Daftar isi
Sindrom Ross atau Ross syndrome merupakan jenis penyakit langka yang juga diketahui sebagai salah satu varian dari sindrom Adie [1,2].
Sindrom Adie atau sindrom Holmes-Adie adalah kondisi saraf yang mengalami kelainan sehingga pupil mata tidak berfungsi dengan normal 4].
Pupil mata pada sebagian penderita sindrom Adie akan membesar secara abnormal [4].
Bahkan reaksi terhadap sumber cahaya juga tidak cukup cepat sepetri normalnya walaupun cahaya tersebut sangat dekat dengan mata [4].
Namun pada sebagian penderita lainnya, sindrom Adie menyebabkan pengecilan pupil mata [4].
Pada kasus sindrom Ross, penderita akan mengalami gangguan sistem saraf otonom perifer di mana kondisi ini ditandai dengan hiporefleksia/arefleksia, gejala sindrom Adie, hingga anhidrosis segmental [2].

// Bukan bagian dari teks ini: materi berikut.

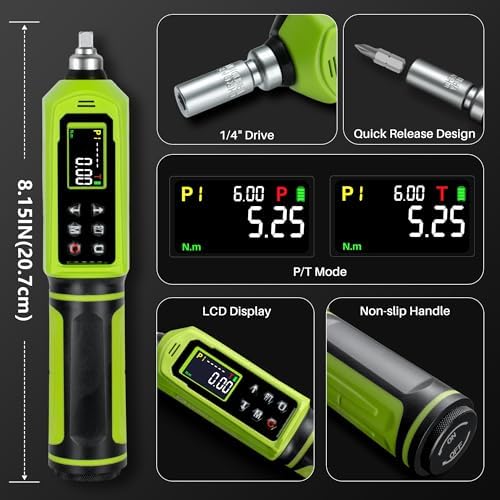 1/4" Drive Digital Torque Screwdriver, 0.09-6N.m for Gunsmithing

Sindrom Ross belum diketahui jelas penyebabnya, namun penyakit langka ini diduga berkaitan dengan disfungsi serat simpatetik kulit [1,2].
Meski kelenjar keringat dalam keadaan yang tergolong normal, beberapa studi menunjukkan bahwa serat sudomotor kolinergik tidak ada [1,2].
Selain itu, regulasi aliran darah yang hilang pada kulit bisa menyebabkan pembesaran dan pelebaran pembuluh darah dermal bagian atas dan menjadi alasan yang mendasari sindrom Ross timbul [1,2].
Tidak hanya itu, pada beberapa kasus faktor genetik pun diduga kuat menjadi salah satu penyebab sindrom Ross karena adanya laporan kasus di mana sindrom ini diderita oleh anak kembar identik [1,2].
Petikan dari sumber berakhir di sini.